That was reiterated just a day before Pezeshkian’s Wednesday speech.

Norway-based Iran Human Rights (IHRNGO) reported Tehran has executed at least 1,000 people so far this year — the highest number in more than 30 years.

IHRNGO “verified and recorded” 64 in “the last week alone,” “an average of more than nine hangings per day!” The real number is likely much higher, with officials announcing only 11% of the 1,000.

Pictures of Pezeshkian during his talk displaying a book titled “Killed by Israel,” with profiles and photos, filled the wire services.

He wouldn’t have the arm strength to hold up a book with his own victims.

Iran Handout to NY Post

“In recent months the Islamic Republic has begun a mass killing campaign in Iran’s prisons, the dimensions of which, in the absence of serious international reactions, are expanding every day,” said IHRNGO director Mahmood Amiry-Moghaddam.

The United Nations officials who gave one of the world’s leading executioners the stage know this.

So do the “leaders” who mugged with him for the cameras.

So do the UN News “journalists” who published a puff piece on the speech.

So should the American journalists who, like those at the New York Times, call this killer a “moderate politician.” (They said the same thing of President Hassan Rouhani, who executed more people than the infamous Mahmoud Ahmadinejad.)

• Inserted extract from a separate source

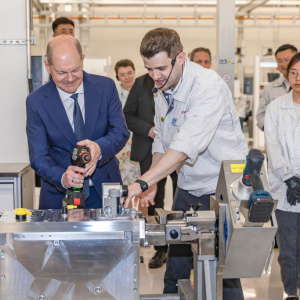 Chanceler alemão saúda cooperação tecnológica em hidrogênio entre Alemanha e China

Iranian Americans protested outside the UN in New York City, saying Pezeshkian doesn’t represent the people of Iran. Handout to NY Post

And Iran has broadcast its intention to kill at a much higher pace.

“Why the 1988 Executions Should Be Repeated” headlined a July editorial from Fars News Agency, a state outlet affiliated with the Islamic Revolutionary Guard Corps.

Iran murdered 30,000 political prisoners that summer, most supporters of the opposition group People’s Mojahedin Organization of Iran (PMOI).

It’s been killing them ever since.

Amnesty International decried the July executions of PMOI backers Behrouz Ehsani, 69, and Mehdi Hassani, 48, “on overly broad and vaguely defined charges of ‘armed rebellion against the state’ (baghi), ‘enmity against God’ (moharebeh) and ‘corruption on earth’ (efsad-e fel-arz).”

Of the 18 political prisoners most at imminent risk of execution, 15 are PMOI supporters.

They include management graduate Vahid Bani Amerian, 33, electrical engineer Pouya Ghobadi Basetouni, also 33, law graduate Babak Alipour, 34, and 59-year-old Seyed Mohammad Taghavi Sangdehi, who’s been a political prisoner going back to the 1980s.

Opposition leader Maryam Rajavi pays tribute to Mehdi Hassani, whom the regime executed in July. Matteo Nardone/ipa-agency.net/Shutterstock

“Under this murderous regime, executions are not a means of delivering justice, but a calculated and brutal political tool wielded to instill fear, suppress dissent and preempt any potential uprising,” Hanif Jazayeri, director of Justice for the Victims of the 1988 Massacre, told me. “And there’s virtually no due process in Iranian courts.”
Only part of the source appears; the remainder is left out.